Assignment: Copy every entry exactly as it stands, though any image it holds should stay out of the copy.

Data entries
[Start of section]

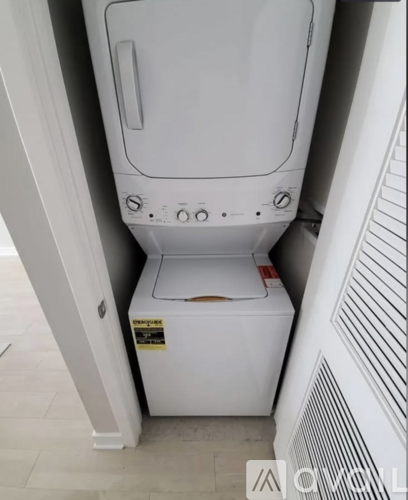 A white dryer is sitting in a small space between a wall and a radiator.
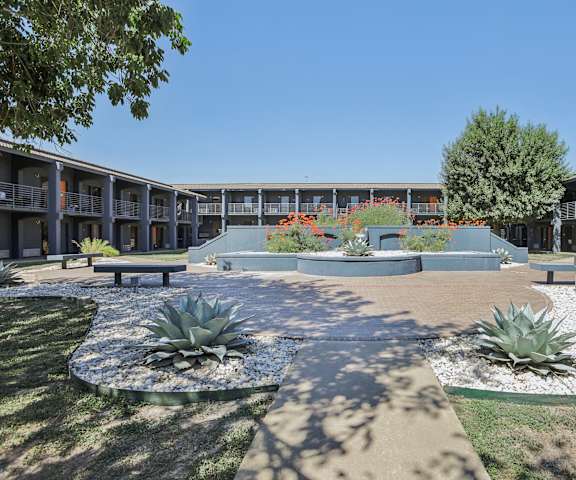 a courtyard with benches and plants in front of a building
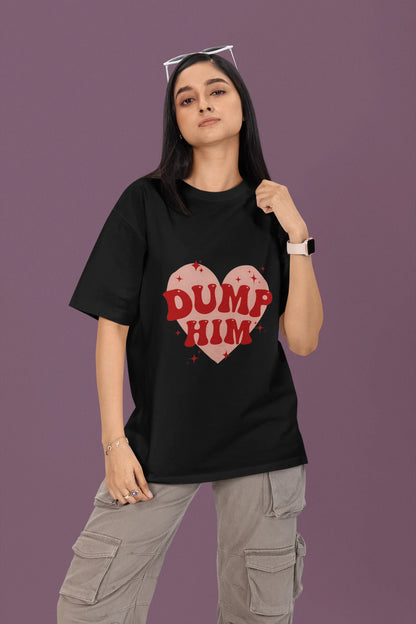 First front view of a female model wearing a black oversized t-shirt with the text "Dump Him" printed on it.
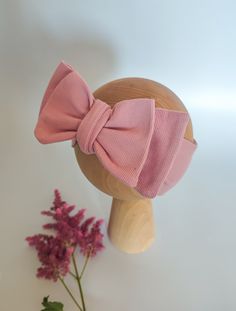 a wooden head with a pink bow on it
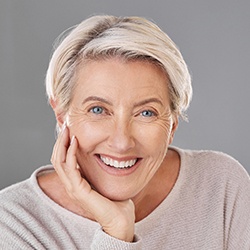 a patient smiling after gum recontouring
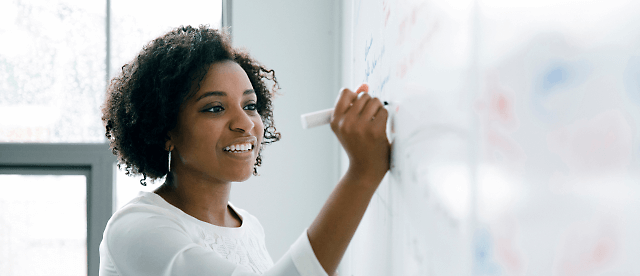 A women writing something in a white board using pen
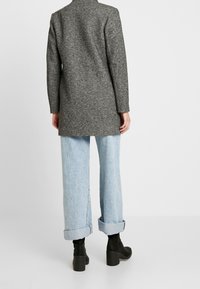 Cappotto lungo grigio in misto lana con un design su misura, abbinato a jeans a gamba larga azzurri e stivaletti neri. Dettagli con maniche arrotolate.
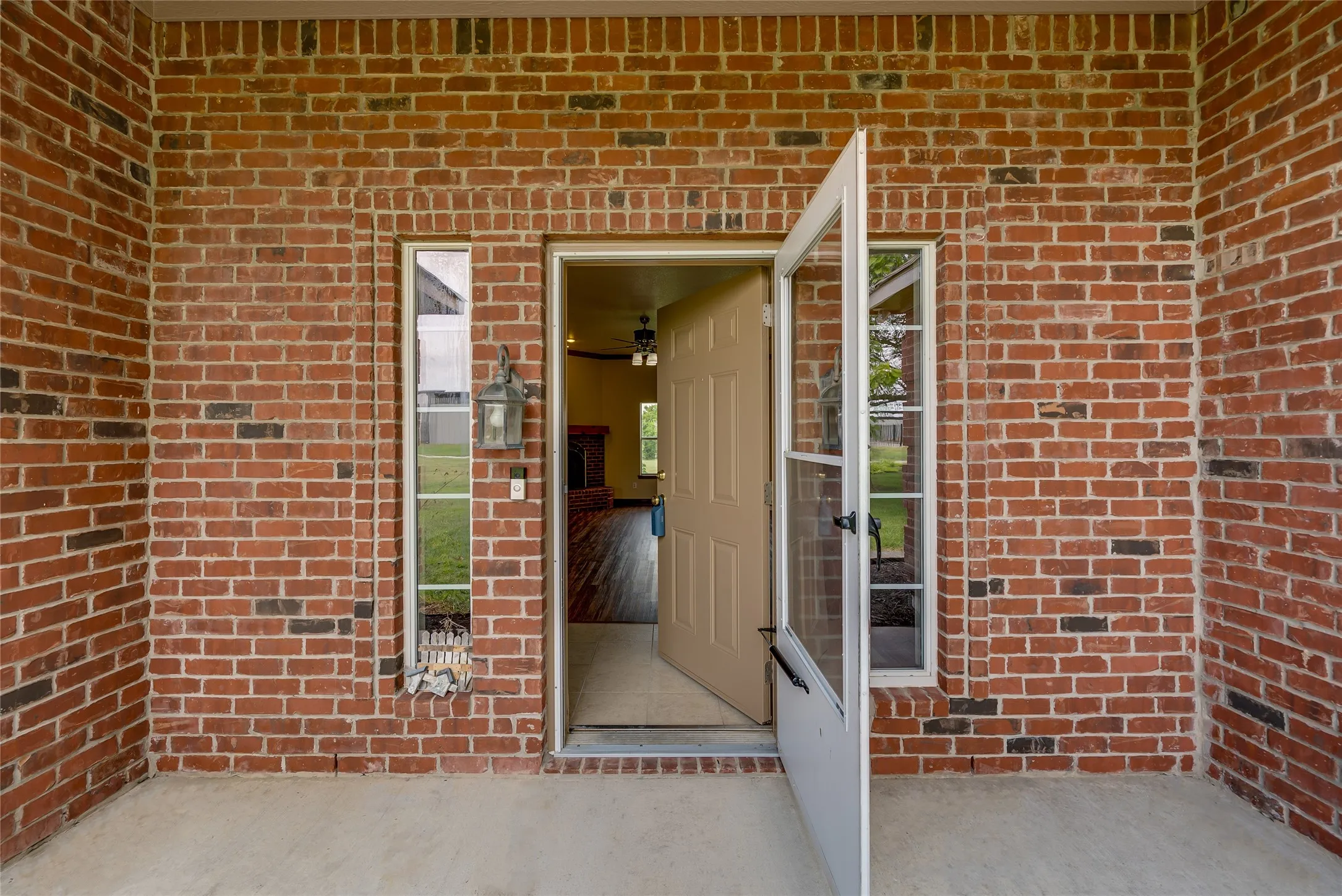 Brick exterior with a covered porch, featuring a tan entry door with a screen door, and vertical window accents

[End of section]

Solution to this task:
 A white dryer is sitting in a small space between a wall and a radiator.
 a courtyard with benches and plants in front of a building
 First front view of a female model wearing a black oversized t-shirt with the text "Dump Him" printed on it.
 a wooden head with a pink bow on it
 a patient smiling after gum recontouring
 A women writing something in a white board using pen
 Cappotto lungo grigio in misto lana con un design su misura, abbinato a jeans a gamba larga azzurri e stivaletti neri. Dettagli con maniche arrotolate.
 Brick exterior with a covered porch, featuring a tan entry door with a screen door, and vertical window accents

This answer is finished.